What does balance look like when we’re wobbling on the front padding of our foot on a beam 100 feet up in the air?

First off, doing it alone is not how. Rule one: You need others. One is ok, two is supreme, and anything more is cowabunga. They hold your life rafts, the Wicked Witch’s mirror that’s lifted when you’re not so pretty. In October, gravity’s pull had my knees knocking like a freshly born giraffe, and it was my friend who said, “Jaclynn, this doesn’t sound like you.” A gentle hand to my shoulders, directing me back to myself.

Second: when the wild winds blow and the storms rage like an unshackled beast, we need tethers. The actions taken daily—your routine, habits, disciplines. Watering the plants. Washing your face. Reading. Cooking. Nestling your nose into your pup’s and kitty’s snoot. It’s in them that we find ourselves. “This is what I do,” you’ll feel in the action, in that foothold, and no matter the wind’s strength, the tether is there.

But balance is not just the doing. It is also the limits we draw. To push ourselves when progress is already being made is pointless. Take frequent pauses, for spaces, and for the chapter breaks. Your heart and your soul need them—in the releasing of all the things we carry, that we return home, and home soothes.

Still, I notice the sneakier side trips, the ones called rabbit holes, existential crises, where insecurities and pits of despair come suck on our toes. Do I matter? Am I enough? These beliefs echo through the cavernous void.

Relevance. I fear the loss of it. My daughter’s hands that grapple with her hair to set a scrunchie in place—that was my job. The shift of the wind from new to old—will you still love me? That fear echoes like the bowed leg of the cricket, gentle and sweet, an invitation if I allow it.
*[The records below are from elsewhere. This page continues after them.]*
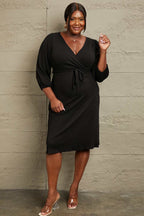 Culture Code Full Size black surplice flare midi dress with ruching sleeves and waist tie detail worn by plus-size model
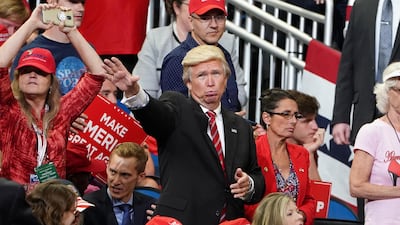 A man dressed as Donald Trump waves before a campaign kick off rally at the Amway Center in Orlando, Florida. Reuters
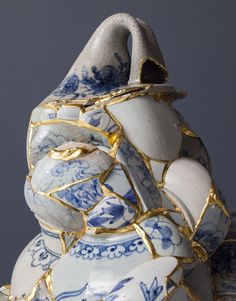 a blue and white vase sitting on top of a table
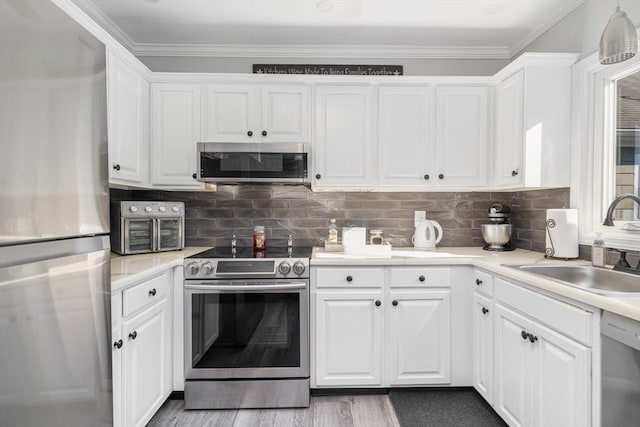 kitchen with wood finished floors, a sink, stainless steel appliances, light countertops, and white cabinets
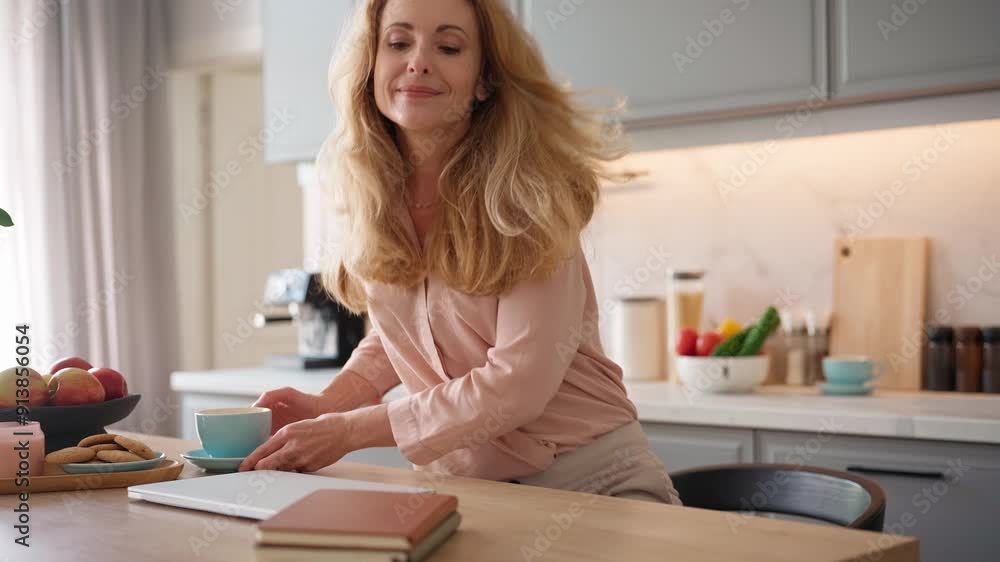 Pretty freelancer carrying cup of tea and siting at table in kitchen. Woman opening top of laptop. Getting ready to start her working day. Freelancing from home. Workplace. Online job.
The quickness of our burn, from spark to dark, I fear our connection lasts only the fleeting flit of the lightning bug’s night.

And this is where I come in. I still my panic with a return to myself. To my breath. Watching the dragonflies dance on the breeze like bumper cars, redirecting again and again.

It’s here I remind myself of my strength, my consistency, my values, of what I’ve built and am still building. There is work to do, and I want the bandwidth to be able to make its draw.

Balance is the how. How we feed the beast, the beast in us that relentlessly pushes and will never stop.